* _Task item_:
Starting at the line that contains "kizh Kite Giant" and stopping at the line that contains "Suknelė be rankovių", restate each line of the records below exactly. Omit the pictures.

* _Available data_:
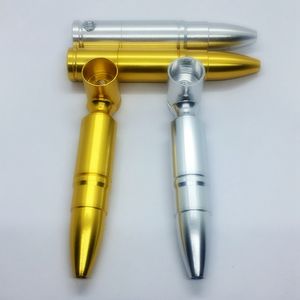 Mini Rooking Gold Silver Aluminium Aluminium Legering Bullet Cartridge Stijl Pijpen Droog Kruid Tabaksfilter Portable Verwijderbare buis Handpijpen Sigarettenhouder DHL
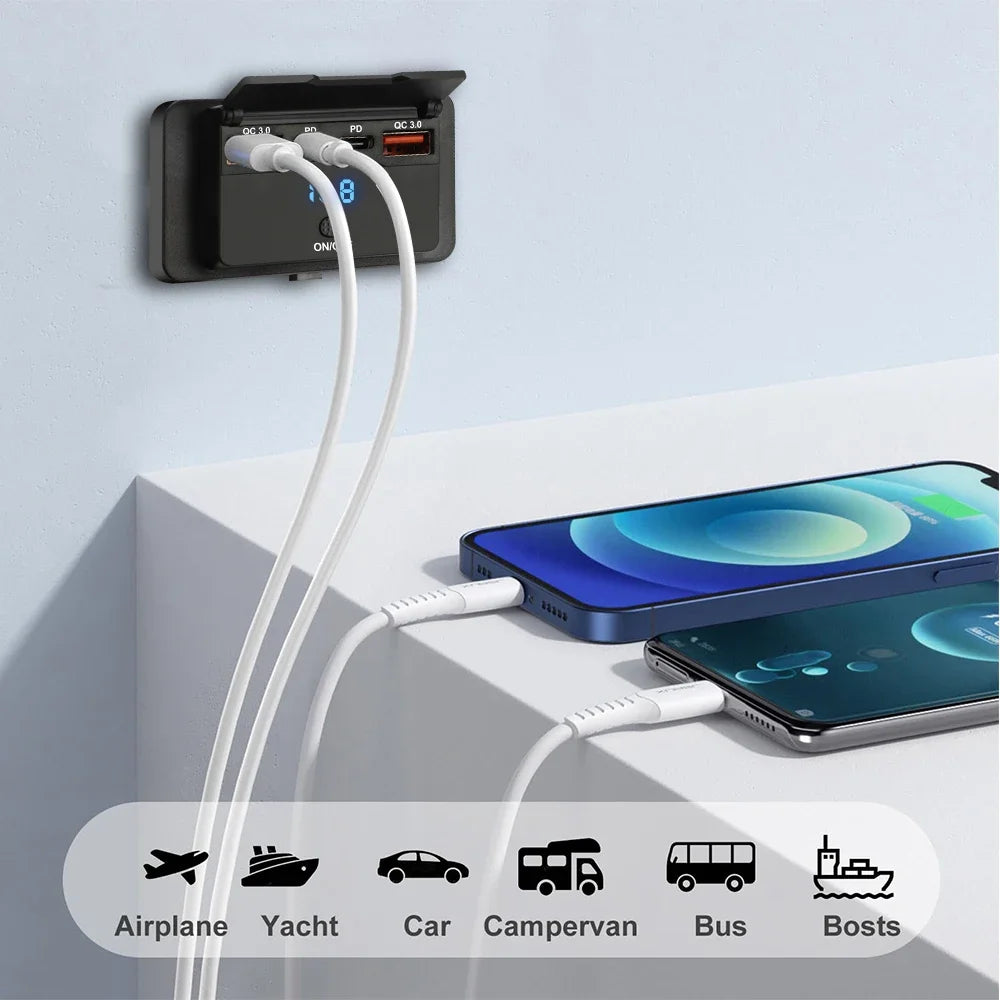 3 or 4 Port USB PD and QC3.0 Fast Charging Socket with LED Display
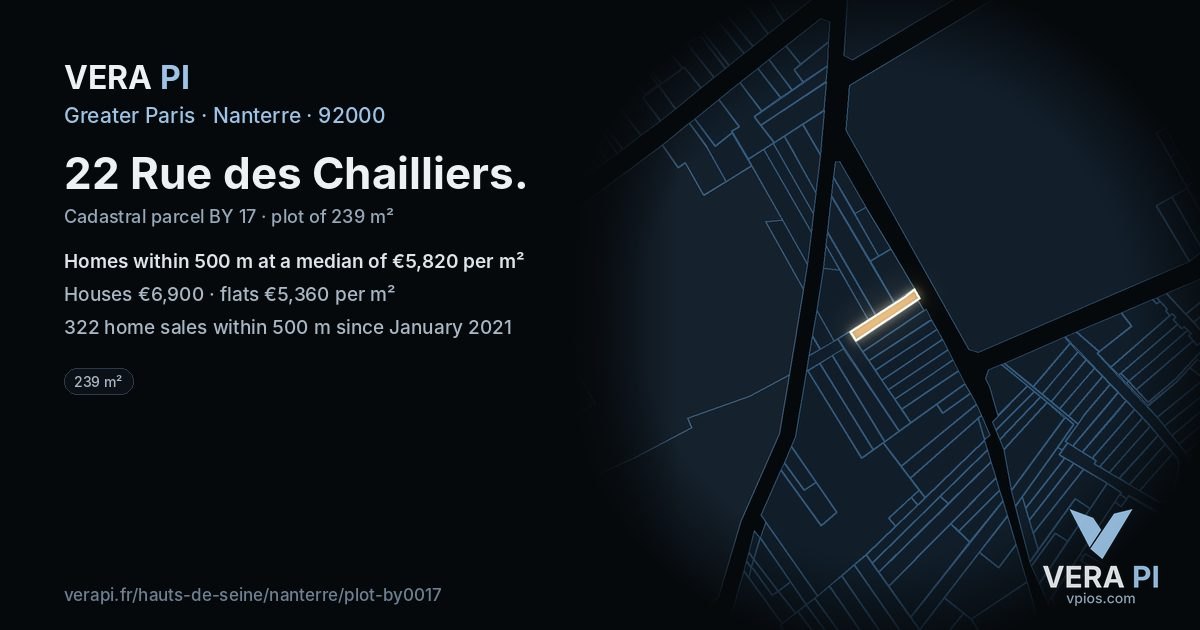22 Rue des Chailliers, Nanterre at night – the plot lit, the parcels around coloured by the prices near them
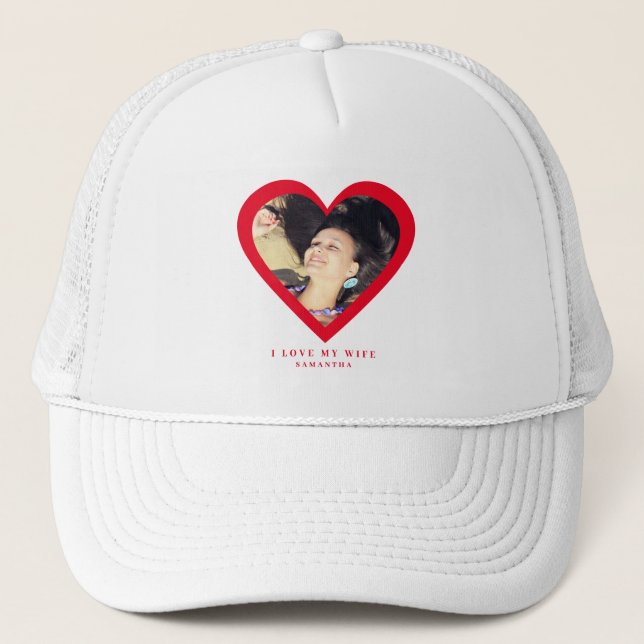 Gorra De Camionero Amo la foto de mi esposa Personalizado (Anverso)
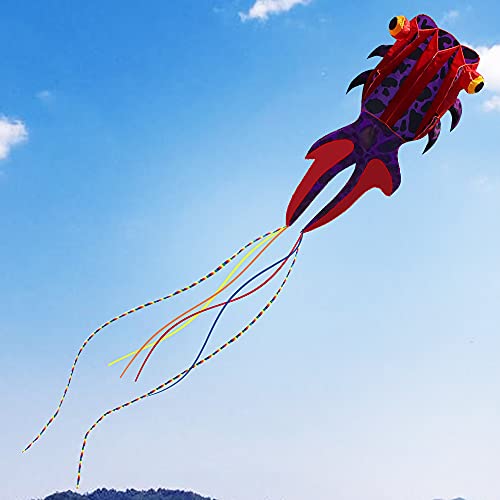 kizh Kite Giant 3D Goldfish Frameless Soft Parafoil Kite for Kids and Adults Easy Flyer Kites for Beach Park Garden Playground with 50m Line and 2 Kites Tail - Image 4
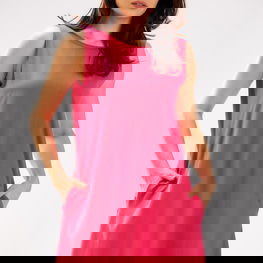 Suknelė be rankovių rožinė medvilninė kasdienai su kišenėmis Infinite You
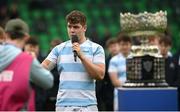 17 March 2025; Blackrock College captain Sami Bishti makes a speech after his side's victory in the Bank of Ireland Leinster Rugby Boys Schools Senior Cup final match between Blackrock College and Terenure College at Tallaght Stadium in Dublin. Photo by Giselle O'Donoghue/Sportsfile
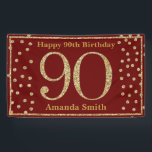 Banderoles Happy 90th Birthday Banner Burgundy Red Gold<br><div class="desc">Happy 90th Birthday Banner Burgundy Red and Gold Glitter Confetti. Printable Digital. For further customization,  please click the "Customize it" button and use our design tool to modify this template.</div>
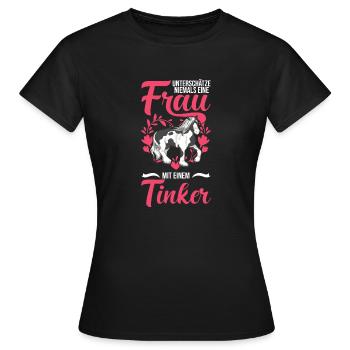 Irish Tinker Pferd Frau Tinker Mädchen Tinkerpferd - Frauen T-Shirt - Schwarz - Vorne - AI Model Female 172 dark (172cm)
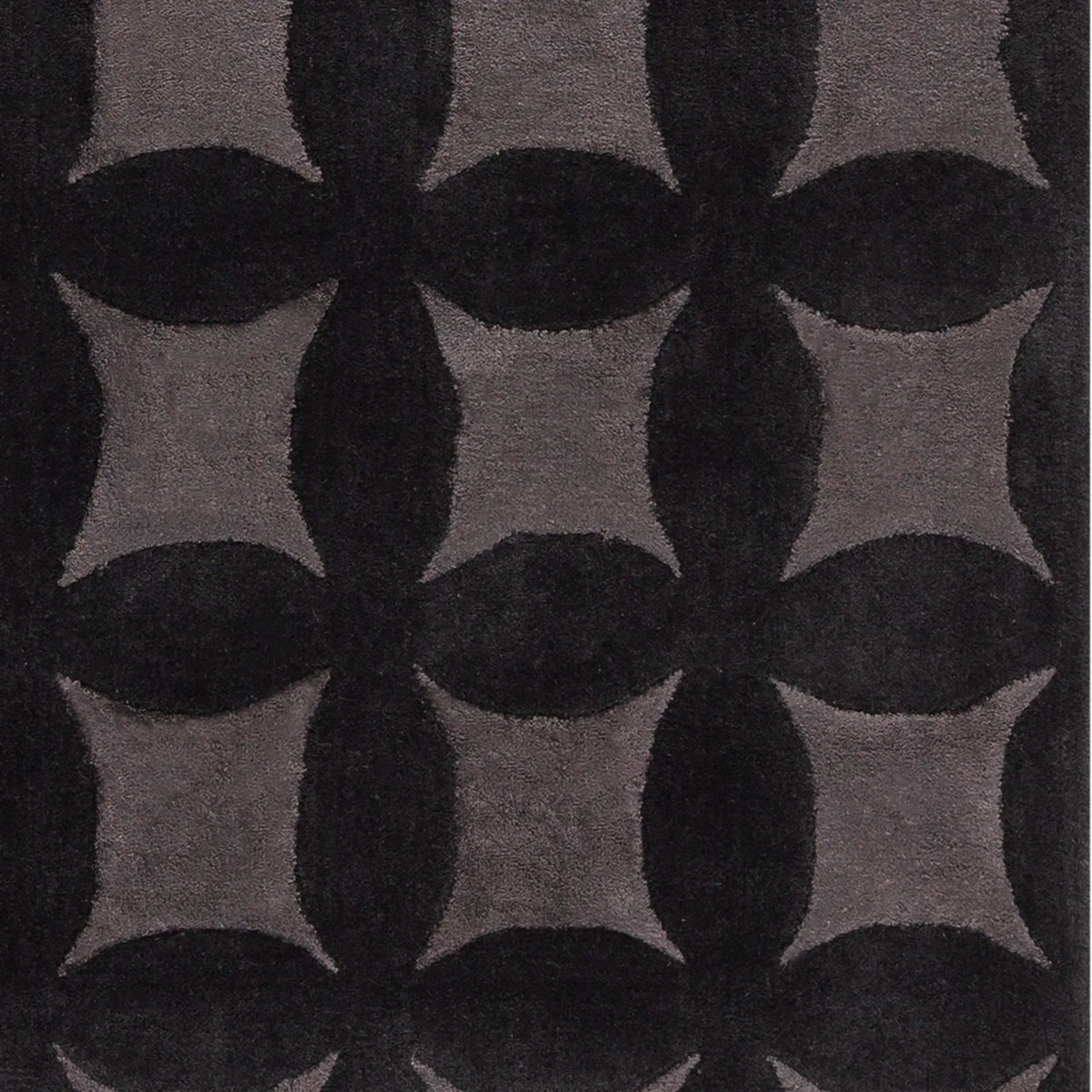Chandra Isadora ISA-56701 Black / Gray rug, close-up detail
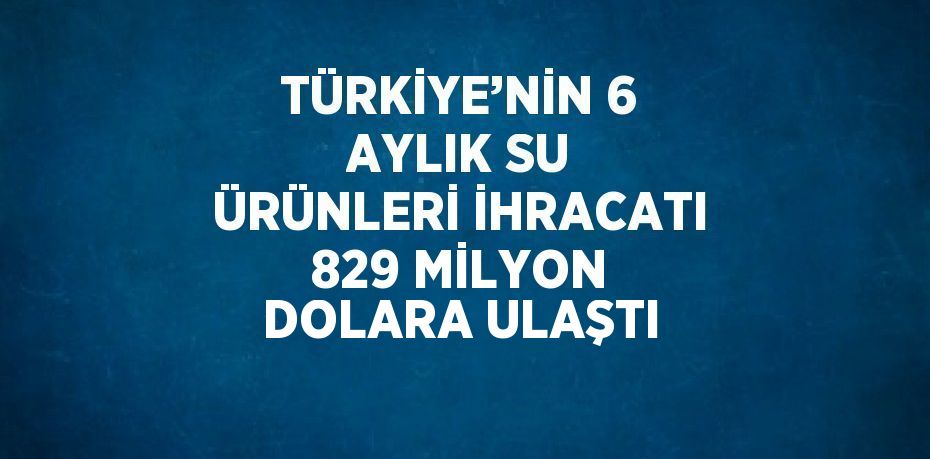 TÜRKİYE’NİN 6 AYLIK SU ÜRÜNLERİ İHRACATI 829 MİLYON DOLARA ULAŞTI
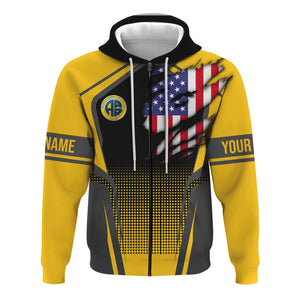 Railspirit Personalized Alaska Railroad Hoodie American Eagle Vintage Train Zip Up Hoodie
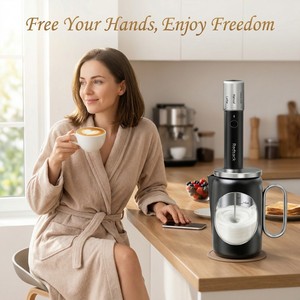 Mousseur à lait électrique mains libres 3 vitesses 2000 mAh rechargeable étanche IPX4 avec fouet double en acier inoxydable de qualité alimentaire - Product Image 2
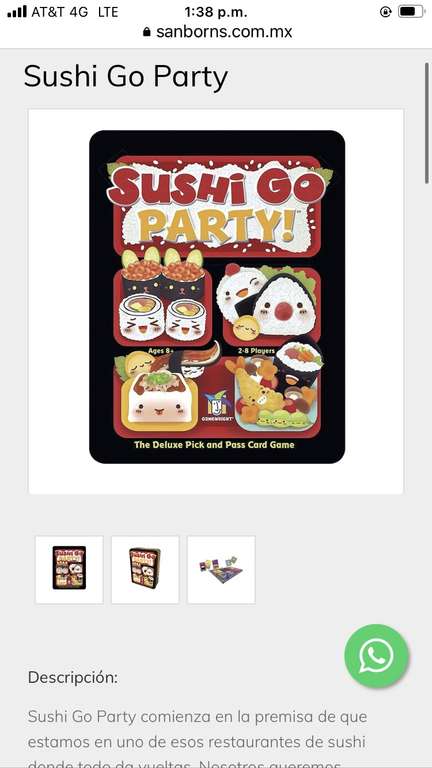Sanborns: Sushi Go Party $322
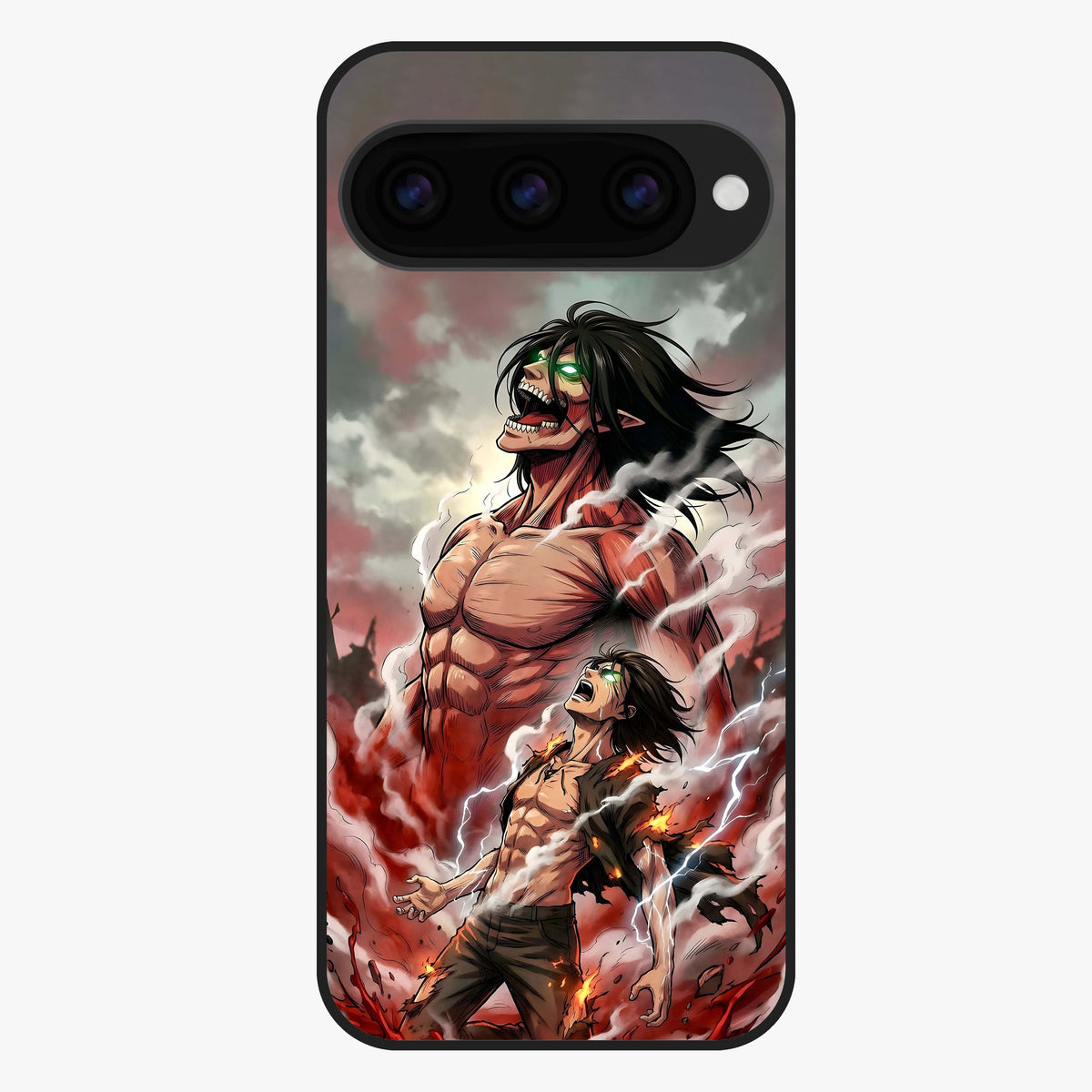 Titan Awakening Fury Glass Case showing flat back view with powerful titan inspired artwork and glossy glass finish.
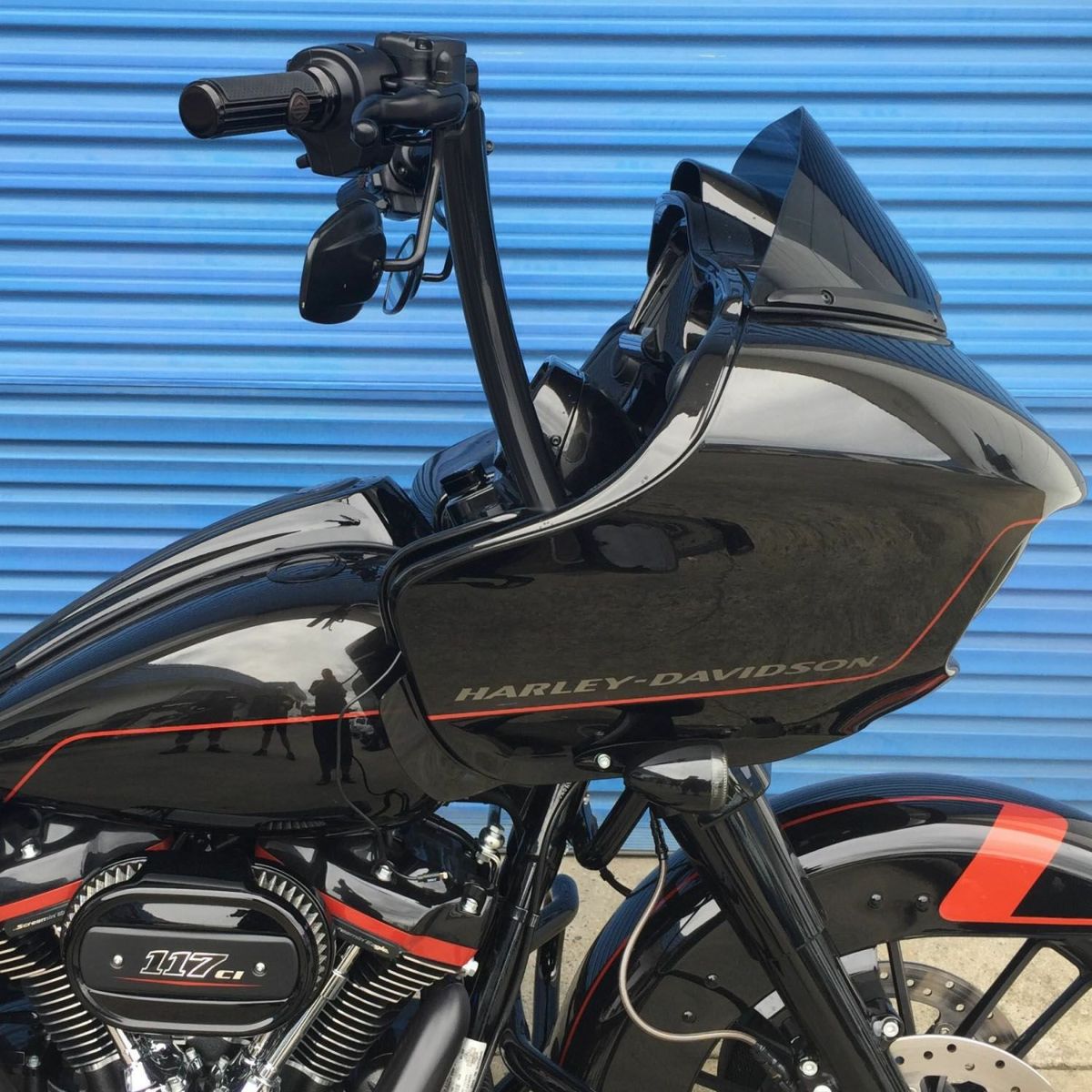 リバースハイボール 2インチ径 ハーレー ハンドルバー 18インチ (サテンブラック)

* _Exercise solution_:
 kizh Kite Giant 3D Goldfish Frameless Soft Parafoil Kite for Kids and Adults Easy Flyer Kites for Beach Park Garden Playground with 50m Line and 2 Kites Tail - Image 4
 Suknelė be rankovių rožinė medvilninė kasdienai su kišenėmis Infinite You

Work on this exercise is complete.